Recebeu-nos calma, espantosamente calma. Repousa no regaço dos seus mortos, lembrando-os a cada passo, na doce forma como reconstrói as suas artérias, na sóbria arquitectura, no silêncio dos quarteirões, no fluir dos seus habitantes em elegantes duas rodas. A festa das lojas e mercados convive com a homenagem aos que aqui viveram, aos que aqui outrora compraram nos agora ausentes comércios, em cinzas transformados, no quase vazio sonoro, respeitoso, dos restantes quarteirões e ruelas. A capital do grande império europeu é, afinal, uma grande aldeia, acolhedora, espaçosa.

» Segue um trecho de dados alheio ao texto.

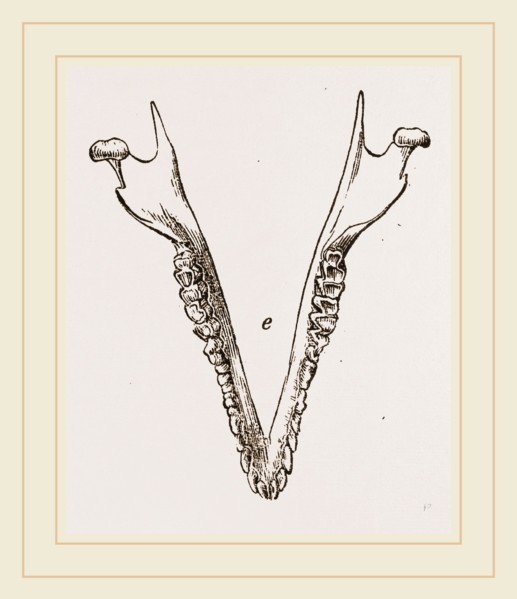 Teeth of Cape Elephant-Shrew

Em terra de Protestantes Luteranos, a primeira que entramos é cristã. Acendemos uma vela junto de Nossa Senhora, celebramos a Páscoa. Voltamos à feira; por momentos mergulhamos na multidão: sabe bem.

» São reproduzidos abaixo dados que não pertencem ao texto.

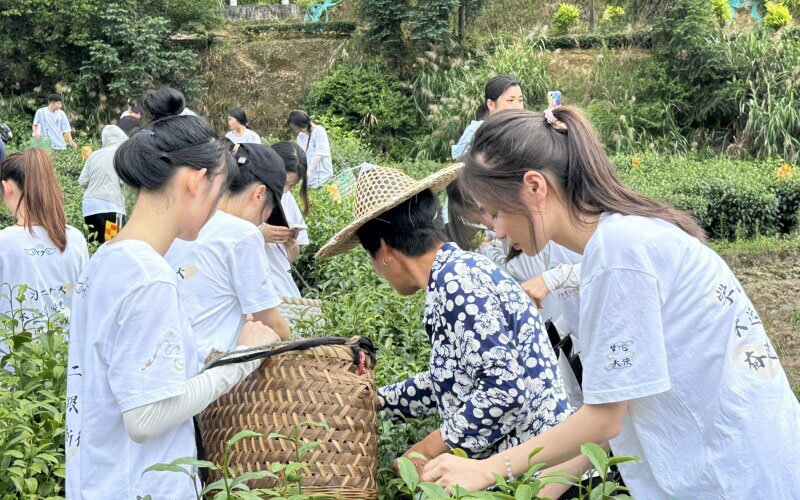 閩衛(wèi)院學子三下鄉(xiāng)：體驗古法制茶技術，品味“下黨的味道”，感受鄉(xiāng)村振興文化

Não conseguimos ficar indiferentes ao inesperado vazio dos banais estereótipos, a uma quase familiar desorganização, ao inacabado, à metrópole em construção, ao sorriso, às buzinas, aos curiosos semáforos.
As manhãs despertam bonitas; a luz, que pensávamos ausente, inunda os espaços; o azul do norte preenche o céu acima de nós, recorta as cúpulas, os baixos telhados; a textura da luz encanta, não nos é usual, acalma. Só o gélido ar não deixa esquecer onde estamos: a norte. A chuva visitiou-nos uma só vez, em pequenos gélidos flocos, caídos duma inesperada nuvem negra. Foi nuvem passageira, de pouca dura. Voltou o sol e a brisa gelada.
O som dos corvos, o seu chamar omnipresente, corta o vazio, os amplos espaços. Múltiplas línguas preenchem o espaço sonoro, não só a que esperávamos mas muitas outras, incluíndo a nossa, numa calorosa e colorida babel.
Derrubaram muros: o muro; fica a impressão que somente descansaram quando só o vazio restava, liberto, onde antes, afinal, nada existia, onde antes era terra de ninguém. Recriaram ai os espaços, preservando a memória em alguns poucos lugares: a custo; da forma mais bela e simples; querem esquecer, seguir em frente, relembrar quanto baste mas não mais, para que não mais se repita. Não conseguimos evitar a emoção, interrogar-nos, ter esperança que tudo não passe duma ilusão, que a realidade não tenha sido esta, que a loucura duns quantos não tenha sido mais que isso mesmo: loucura. As imagens da queda lembram a nossa: afinal todos ansiamos pela mesma liberdade. Resta uma linha, no mesmo lugar, somente visível para quem a procurar, para quem se interrogar sobre o que representa.
Assim como chegámos, partimos. O aeroporto é perto. Viajamos no agora nosso conhecido metro, procurando o nosso pássaro mecânico.
Deixamo-la para trás; foi bom conhecê-la.